Each record that follows is to be reproduced character for character, pictures excepted.

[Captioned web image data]
####################
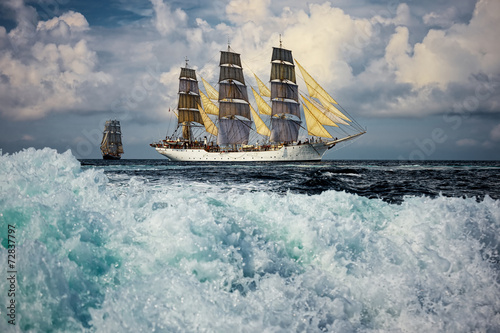 Big wave. Sailing vessel. Large collection of ships and yachts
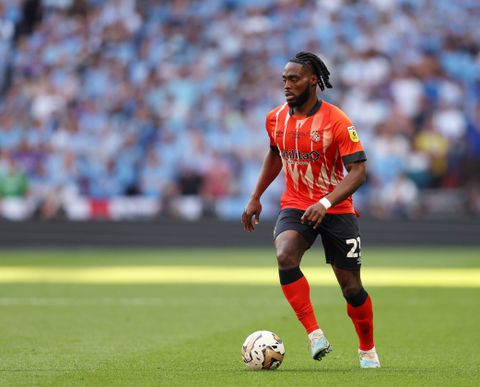 Nigerian midfielder  Fred Onyedinma for Luton Town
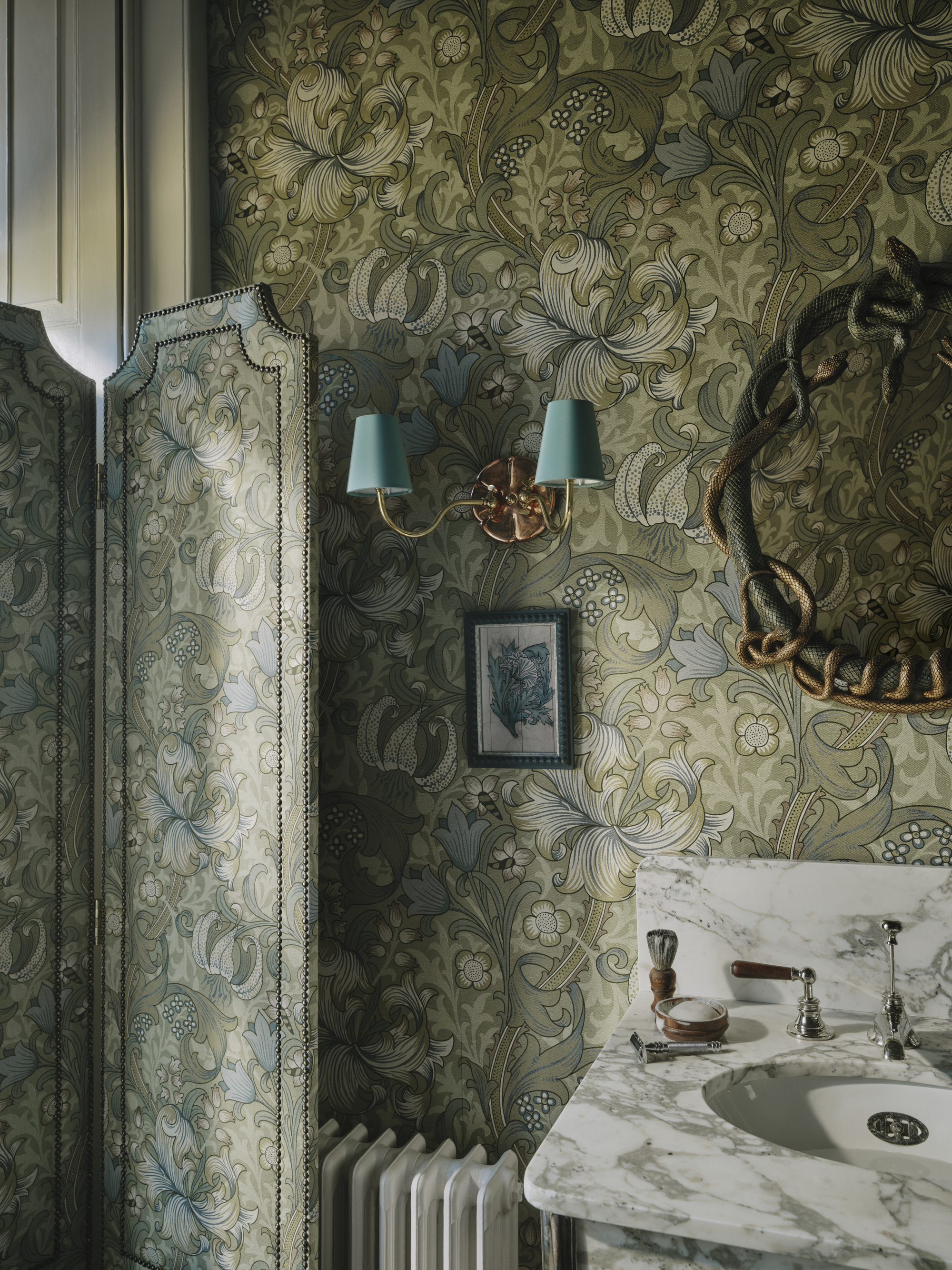 Image of a powder room drenched in a green floral patter with a marble sink.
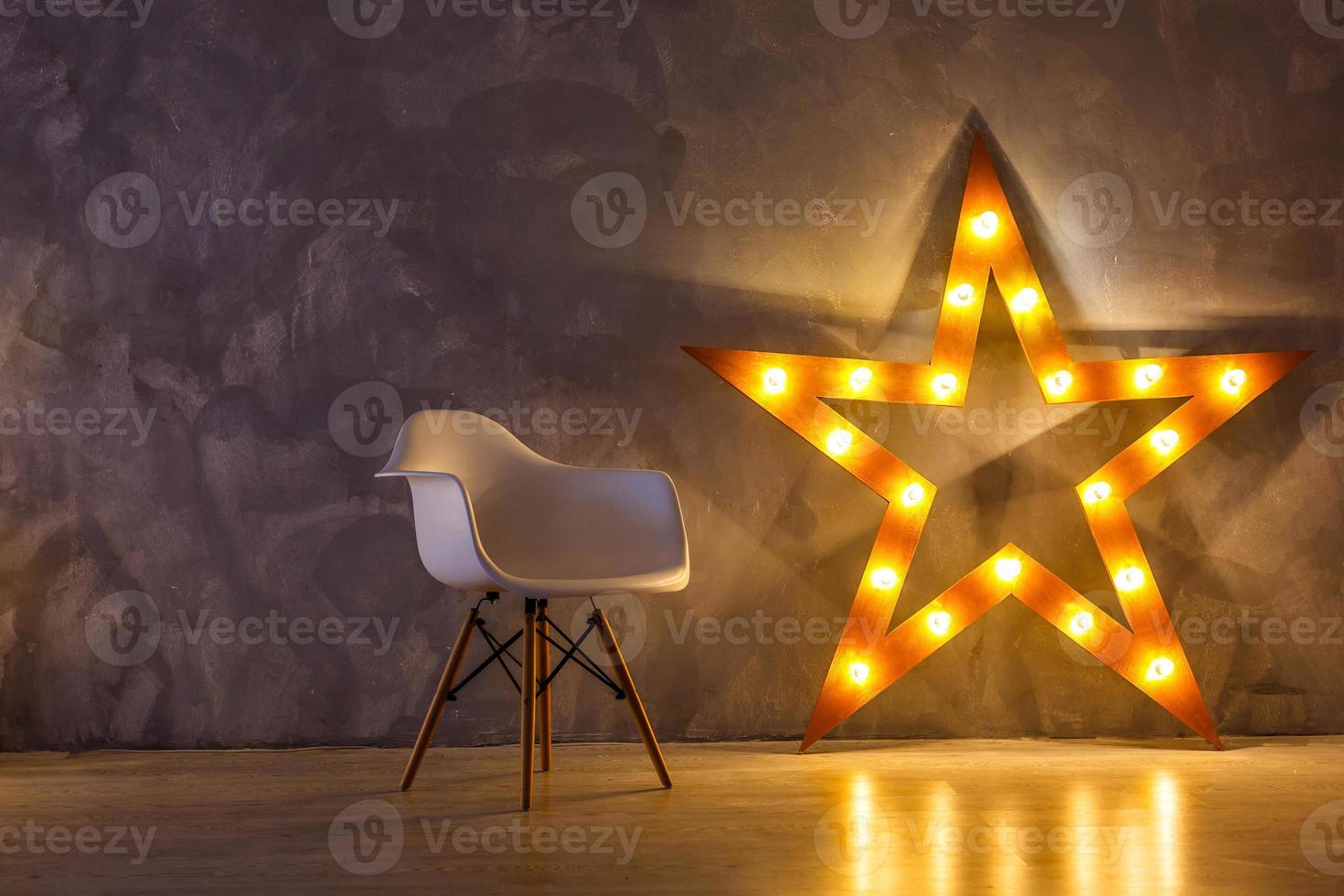 Star lamp on the background of an old wall, on the wooden floor, lights, lights, lights, glare. Exhibition star, light object, interior decor. Abstract dark background, night view, club photo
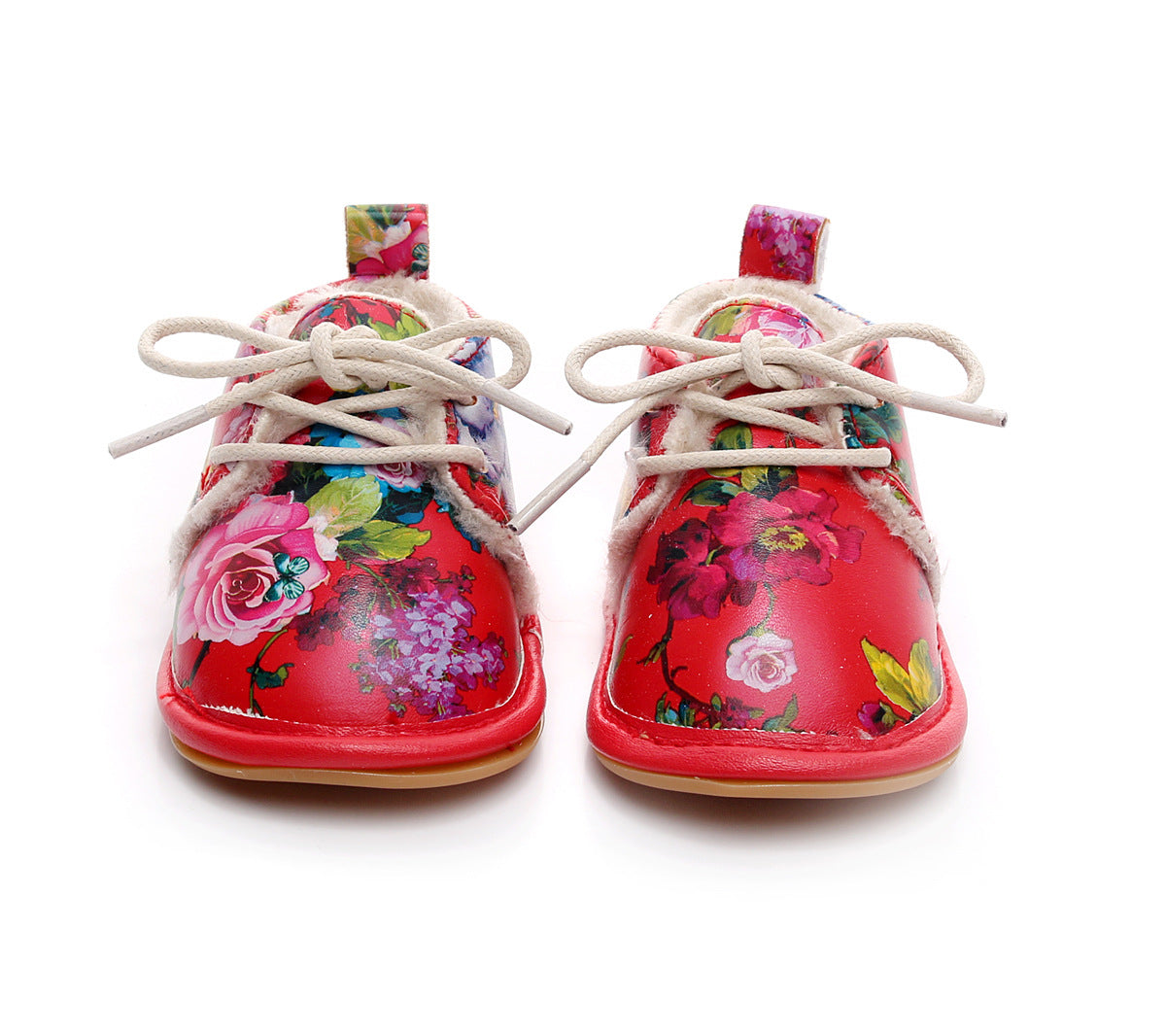 Bright red children's shoes with multicolored floral patterns, white laces, and a soft lining. The vibrant design features roses and various other flowers on both shoes.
####################
▶ _Solution for this task_
 Big wave. Sailing vessel. Large collection of ships and yachts
 Nigerian midfielder  Fred Onyedinma for Luton Town
 Image of a powder room drenched in a green floral patter with a marble sink.
 Star lamp on the background of an old wall, on the wooden floor, lights, lights, lights, glare. Exhibition star, light object, interior decor. Abstract dark background, night view, club photo
 Bright red children's shoes with multicolored floral patterns, white laces, and a soft lining. The vibrant design features roses and various other flowers on both shoes.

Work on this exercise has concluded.